The Company had accounts receivable due from Members and their affiliates of $2.0 million and $2.6 million at December 31, 2018 and 2017, respectively, for transportation services provided.

9


Exhibit 99.5

The Company has no employees and relies on the Operator to provide personnel to perform daily operating and administrative duties on behalf of the Company. In accordance with the Operating Agreement and other agreements between the Members, management services are provided to the Company by MGTSI through June 2017 and SPLC starting July 2017. These include corporate facilities and services such as executive management, supervision, accounting, legal, and other normal and necessary services in the ordinary course of the Company’s business. The management fees paid for costs and expenses incurred on behalf of the Company were $0.7 million during both 2018 and 2017. In 2017, $0.35 million was paid to both MGTSI and SPLC as each served as Operator for 6 months of the year.

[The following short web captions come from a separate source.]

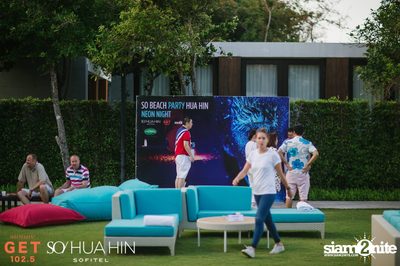 SO Beach Party | Neon Night at SO Sofitel Hua Hin — photo 1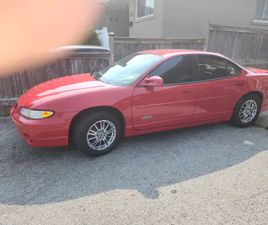 PONTIAC GRAND PRIX GREAT CAR GREAT PRICE. SUPERCHARGED 3800, 305 HP VERY LOW MILES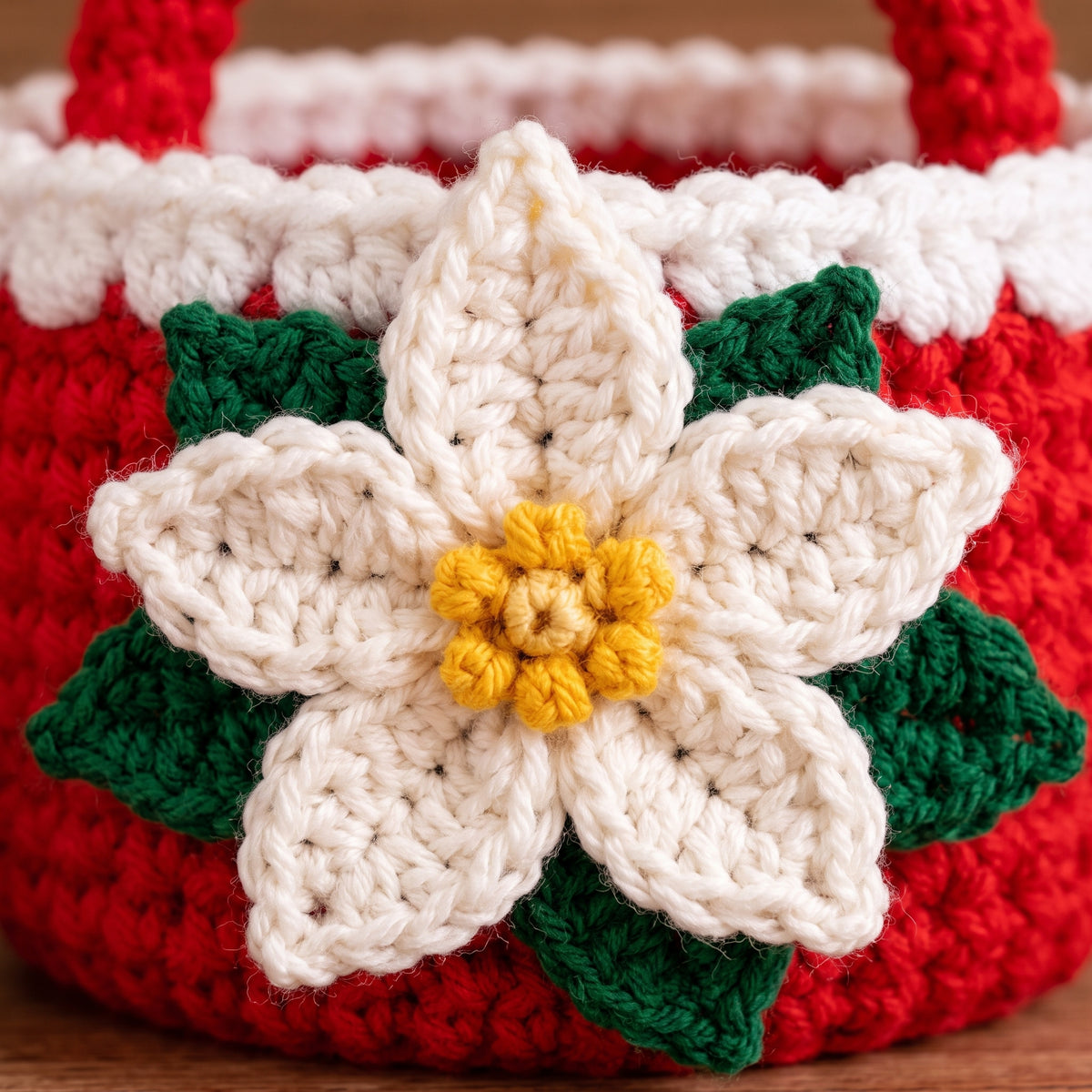 Christmas Mini Baskets Crochet Pattern PDF, 10 Designs, Santa Snowman Reindeer Gingerbread Penguin, Treat Baskets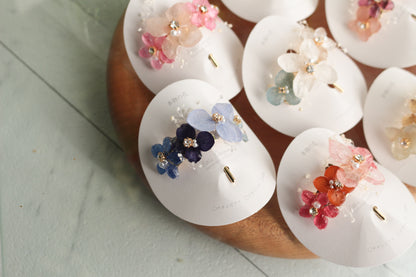 Hanayome Flower Ponytail Hook - No.4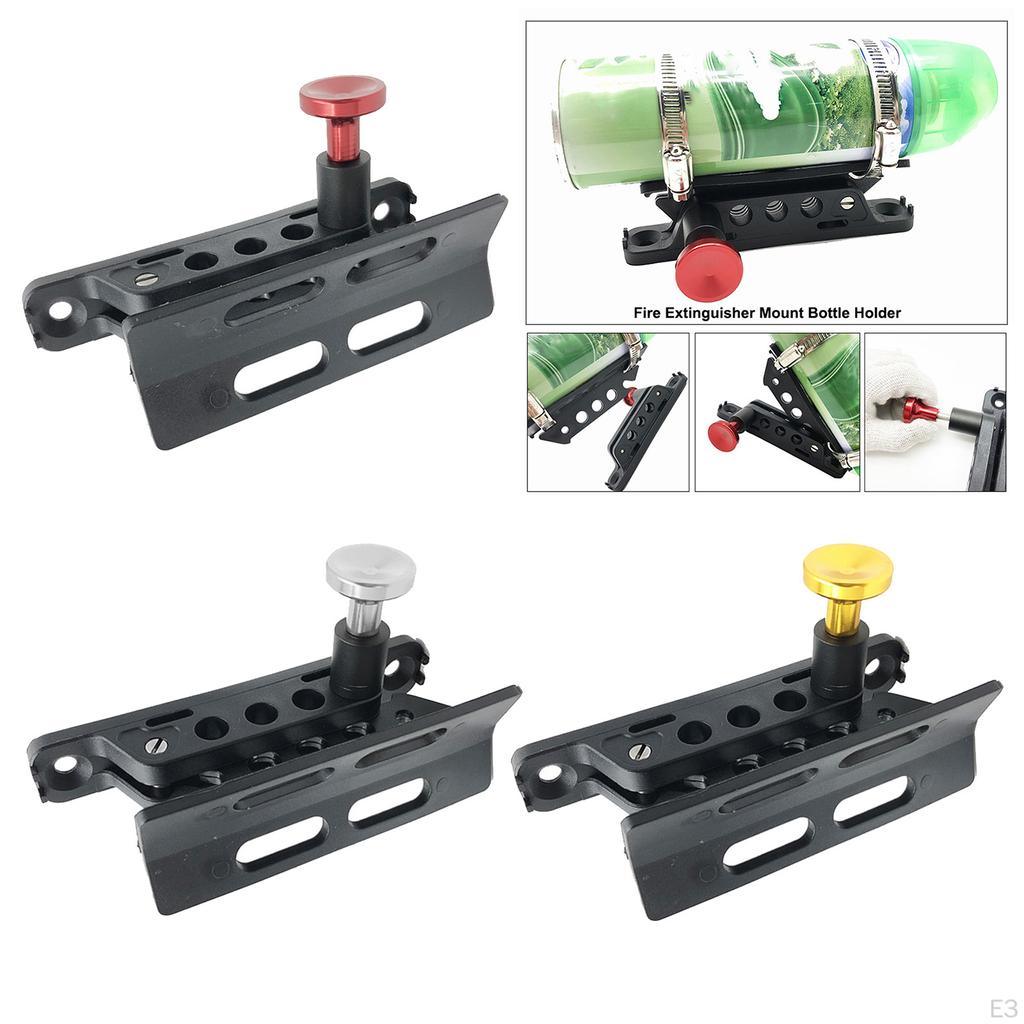 Uchwyt mocujący do bidonu Roll Bar, regulowany do TJ, JK, JL, , (czarny)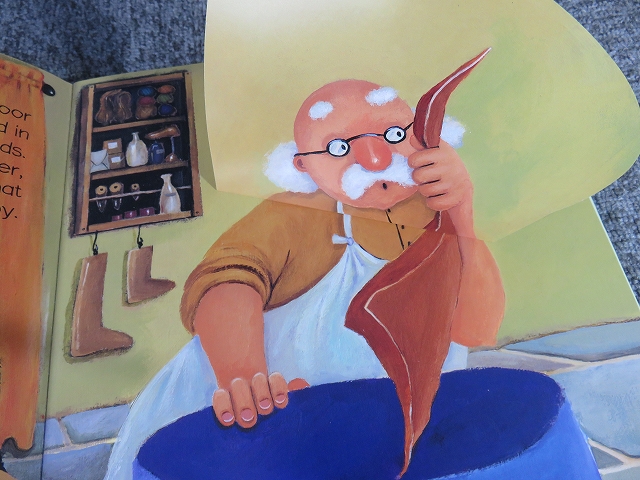 仕掛け絵本　The Mice and the Shoemaker 　洋書 仕掛け絵本 The Mice and the Shoemaker 洋書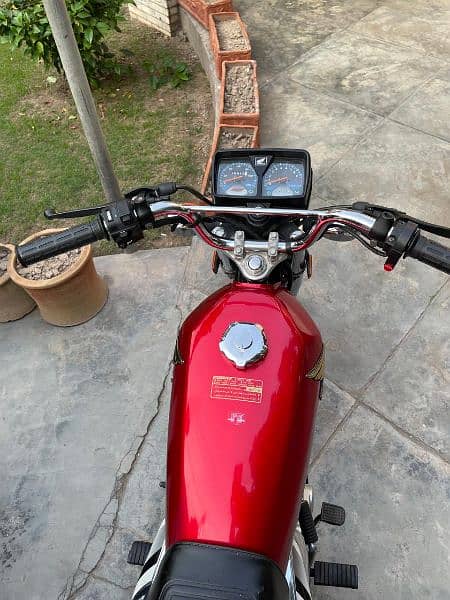 Honda CG 125 Special Edition 6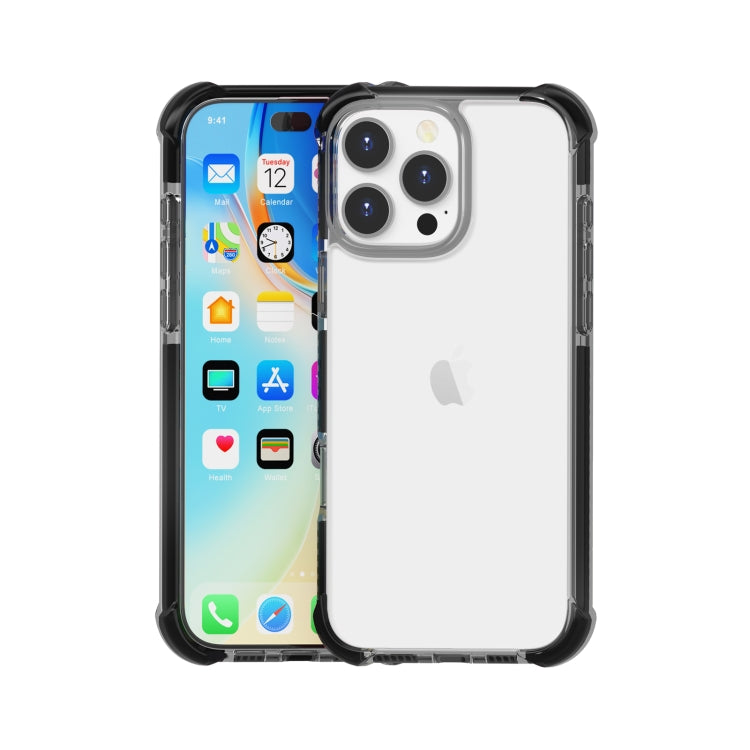 Four-corner Shockproof TPU + Acrylic Phone Case, For iPhone 16 Pro Max, For iPhone 16 Pro, For iPhone 16 Plus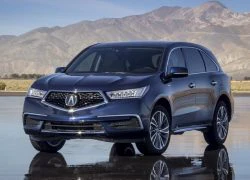 Acura MDX Sport Hybrid 2017 có giá từ 1,2 tỷ đồng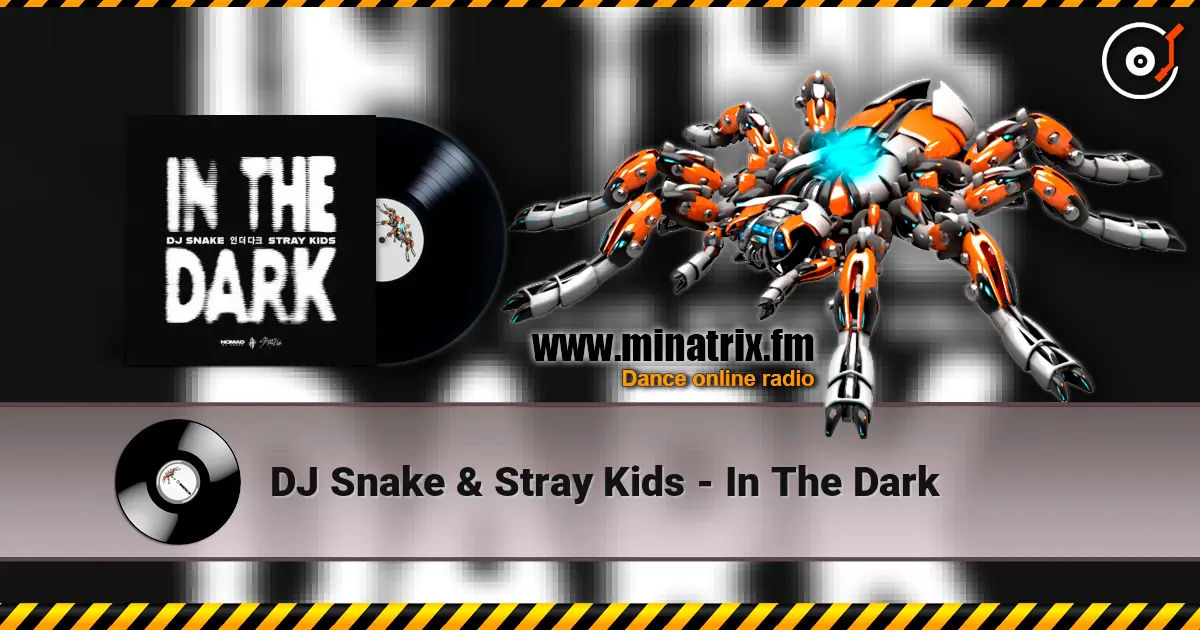 DJ Snake & Stray Kids - In The Dark escuchar online en alta calidad | Minatrix.FM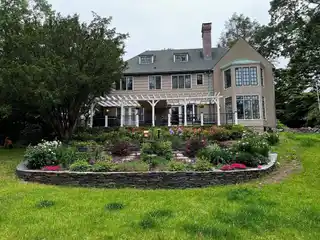 Timeless English Manor by the Sea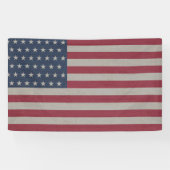 USA-FLAGGENBANNER 4. JULI BANNER (Horizontal)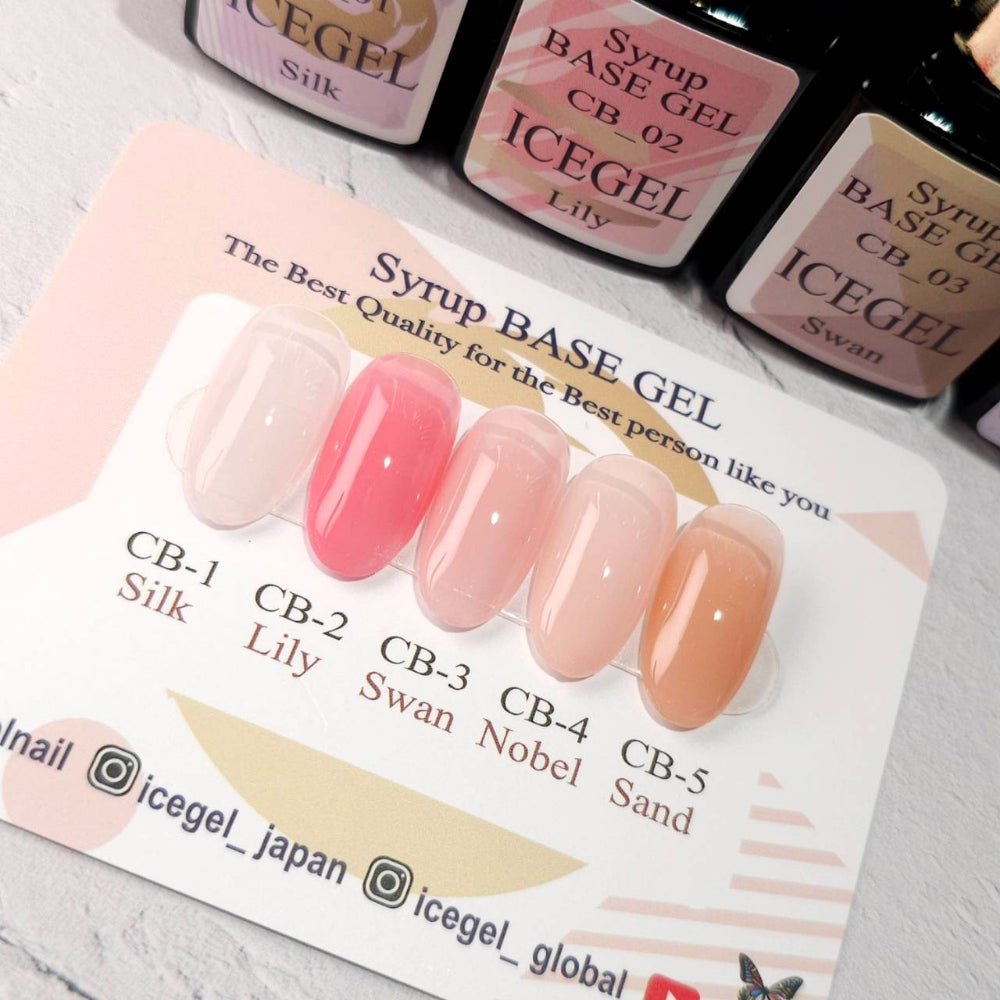 Syrup Base Gel | ICEGEL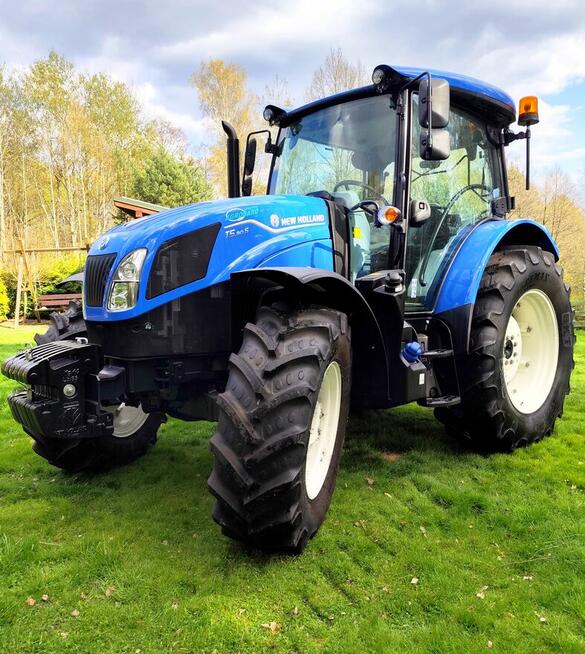 New Holland T5 - FABRYCZNIE NOWY, Salon Polska - Gwarancja f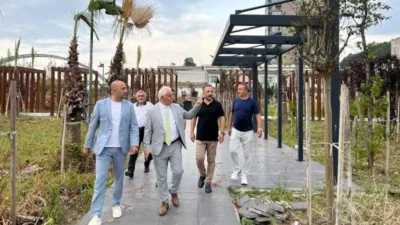 Giresun Millet Bahçesi projesi, 7 yıl önce temeli atılmasına rağmen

At December 31, 2018 and 2017, the Company had payables due to Members and their affiliates of $0.2 million and $0.1 million, respectively.

6. Asset Retirement Obligation

The value of the AROs was determined based upon expected future costs using existing technology.

The changes in the Company’s AROs for the years ended December 31, 2018 and 2017 were as follows (in thousands):
Balance at January 1, 2017 $ 5,151   
Accretion expense
303   
Balance at December 31, 2017 5,454   
Accretion expense
320   
Balance at December 31, 2018 $ 5,774   

7. Commitments and Contingencies

In the ordinary course of business, the Company is subject to various laws and regulations, including regulations of the FERC. In the opinion of management, the Company is in compliance with existing laws and regulations and is not aware of any violations that will materially affect the financial position, results of operations, or cash flows of the Company.

8. Subsequent Events

In preparing the accompanying financial statements, we have reviewed events that have occurred after December 31, 2018 up until February 18, 2019, which is the date of the issuance of the financial statements. Any material subsequent events that occurred during this time have been properly disclosed in the financial statements.